The 418-I was also available in a version for the military known as the UNIVAC 1218. It was almost 6 feet tall and weighed 775 lb. It required both 115VAC, one-phase, 60 Hz and 115VAC, three-phase, 400 Hz power.

| Basic system/component | Purchase price |
| Minimum 1218 computer: 4,096 word memory, 4 I/0 | $96,000 |
| Most common 1218 computer: 16,384 word memory, 8 I/0 | $127,000 |
| Militarized magnetic tape system (2 handlers) | 80,500 |
| Paper tape subsystem including keyboard and printer | 25,000 |
| High speed printer system | 77,500 |
| 80 column card system | 83,250 |
| | —————— |
| Grand total minimum 1218 computer system | $362,250 |
| Grand total most common 1218 computer system | $393,250 |

==UNIVAC 418-II==
The first UNIVAC 418-II was delivered in November 1964. It was available with 4,096 to 65,536 (18-bit) words of memory. Memory cycle time was reduced to 2 microseconds. The version for the military was called the UNIVAC 1219 (known as the "Mk 152 Fire Control Computer.") It was part of the Navy's Mk 76 missile fire control system, used to control the AN/SPG-55 radar system.

==UNIVAC 418-III==
The first UNIVAC 418-III was delivered in 1969. It was available with 32,768 to 131,072 words of memory. Memory cycle time was reduced to 750 nanoseconds. New instructions were added for floating-point arithmetic, binary-to-decimal and decimal-to-binary conversions, and block transfers up to 64 words. The SR register was expanded to six bits.
The 418-III had two unique hardware features which enabled it to handle continuously high-speed serial character streams.
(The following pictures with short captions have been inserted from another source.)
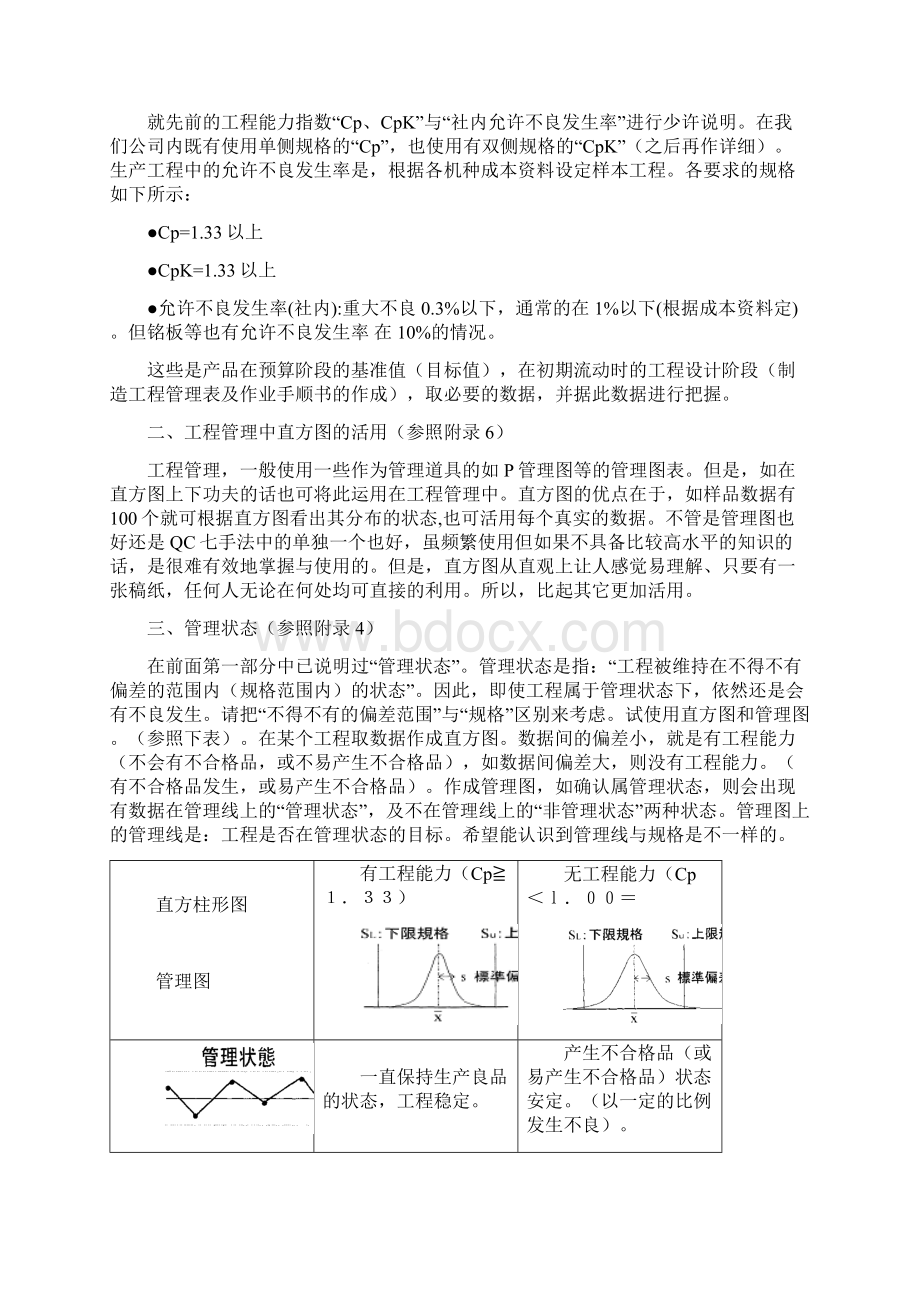 工程能力指数CpCpk中文.docx_第2页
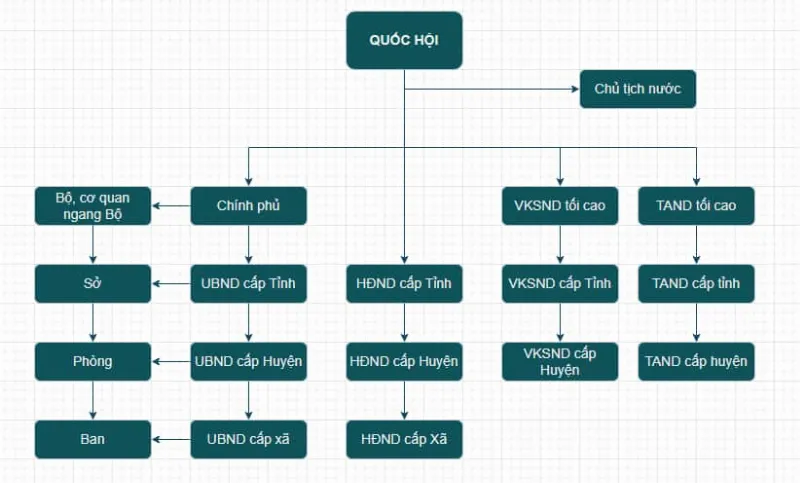 Sơ đồ bộ máy nhà nước Việt Nam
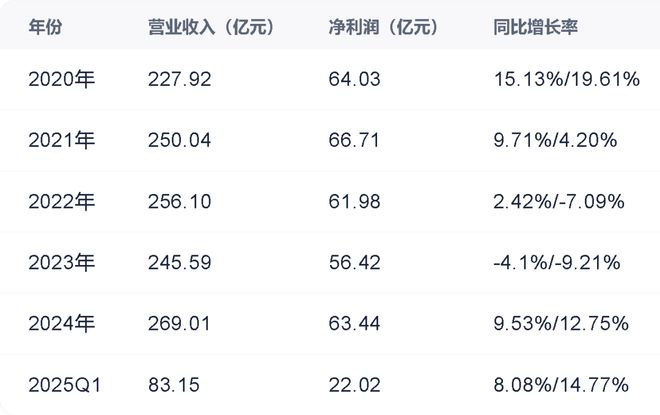 _海天味业翻了多少倍_海天味业调价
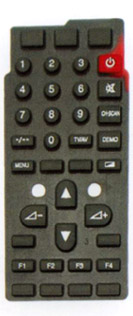 Click to list the picture
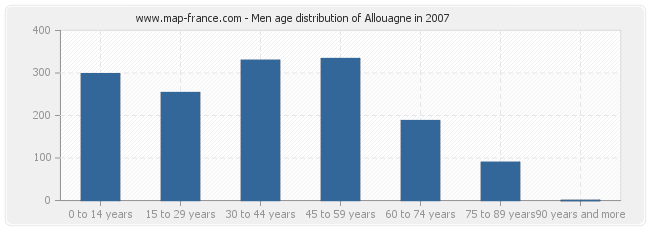 Men age distribution of Allouagne in 2007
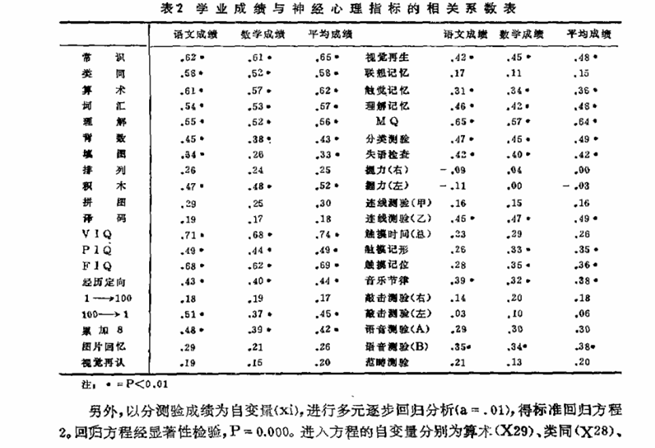 学习困难儿童的神经心理研究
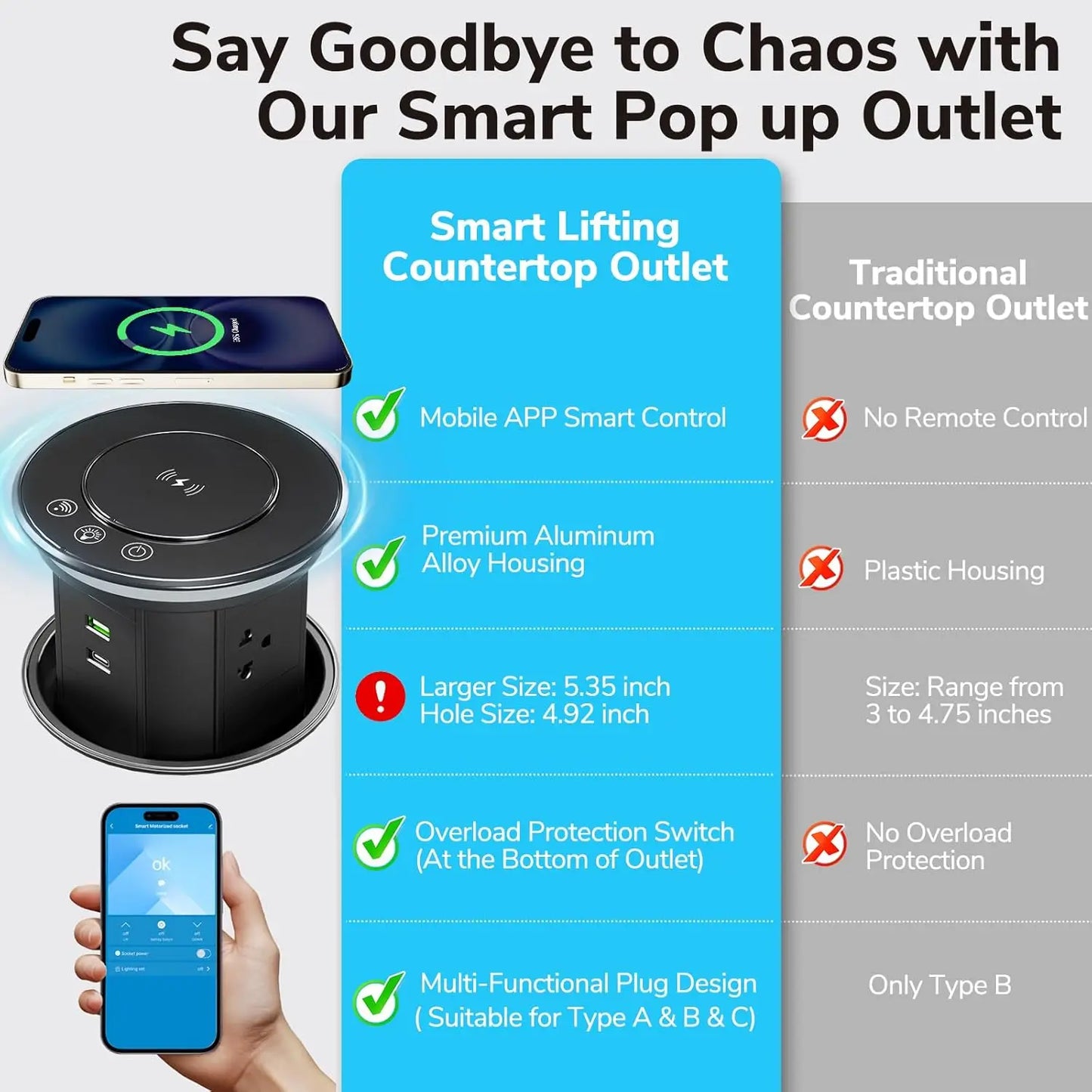 Pop-Up Countertop Power Strip With Wireless Charger And App Control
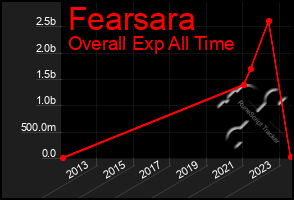 Total Graph of Fearsara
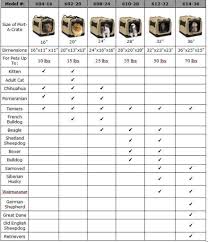 32 expository dog crate sizes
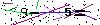Veiligheids Code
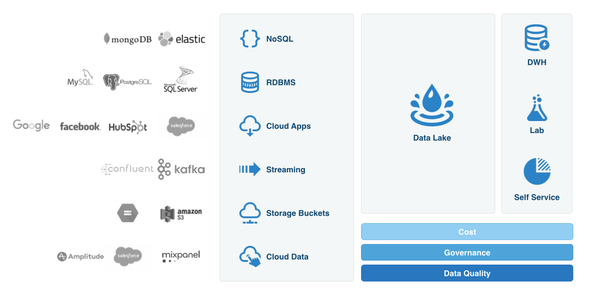 וובינר להקמת Data Lake (הקלטה)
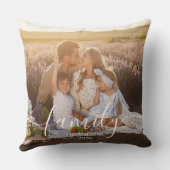 Custom Family Photo - Personalized Last Name  クッション (裏面)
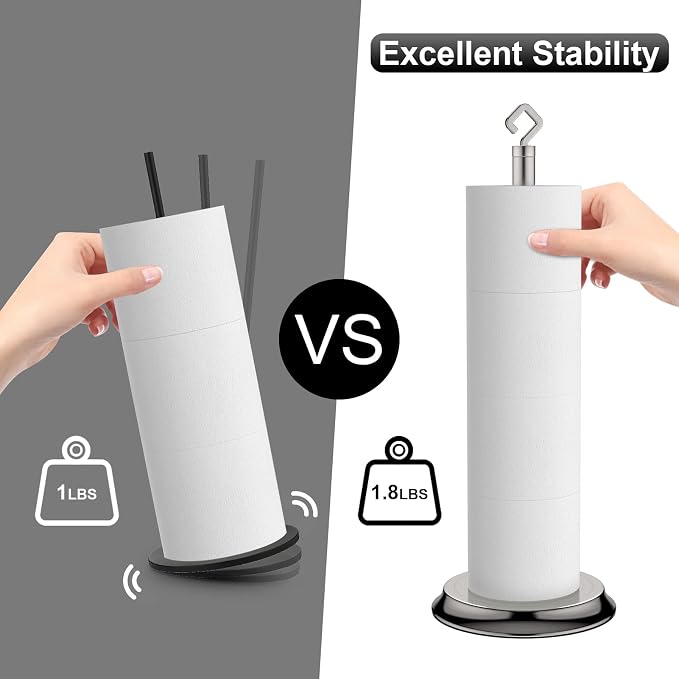 Toilet Paper Holder for Bathroom, Metal Free Standing Toilet Paper Storage - Image 3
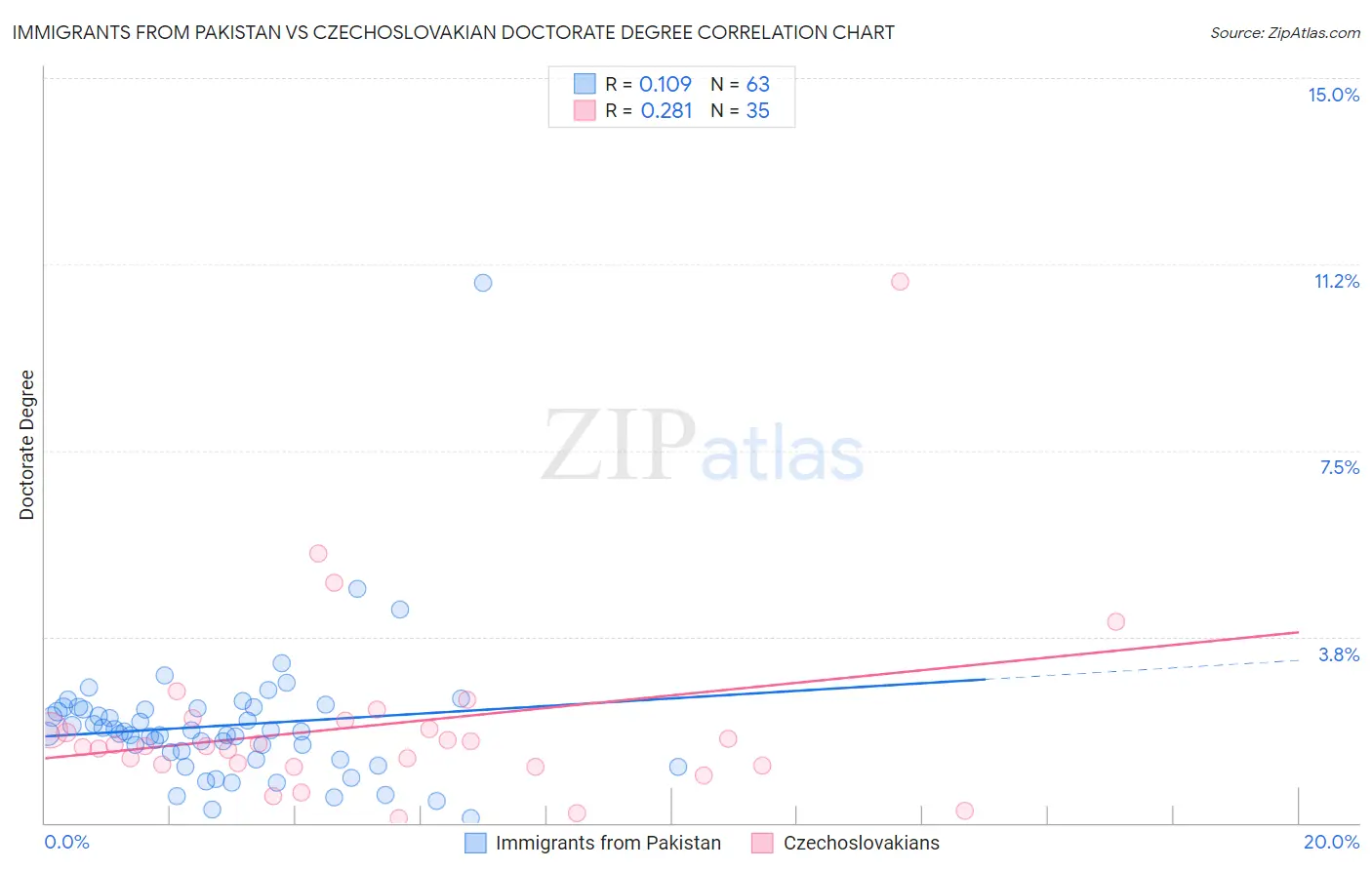 Immigrants from Pakistan vs Czechoslovakian Doctorate Degree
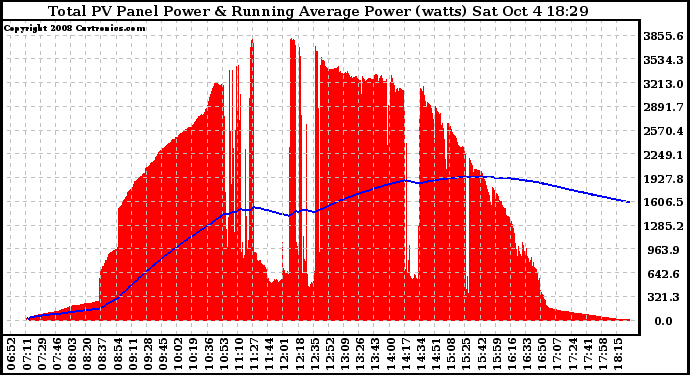 Solar PV/Inverter Performance Total PV Panel & Running Average Power Output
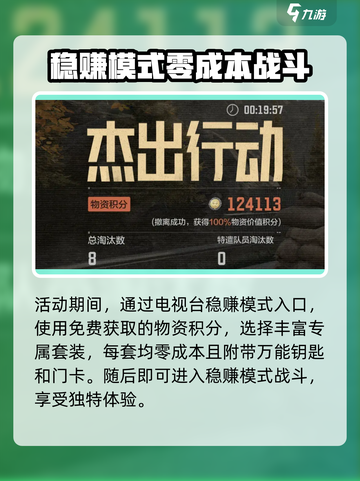 暗区突围⚡电视台稳赚打法分享，轻松躺赢！截图3
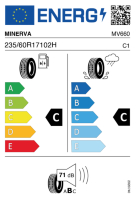 EU-label voor MINERVA ECOSPEED 2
One was called the buffer overflow interrupt and the other hardware buffer chaining.
By the 1990s, all of the 418 hardware was gone, but the California Department of Water Resources was still running 418 emulation on a UNIVAC 1100/60. Customers included the London Hospital in Whitechapel, London, which installed its UNIVAC 418-III in 1973.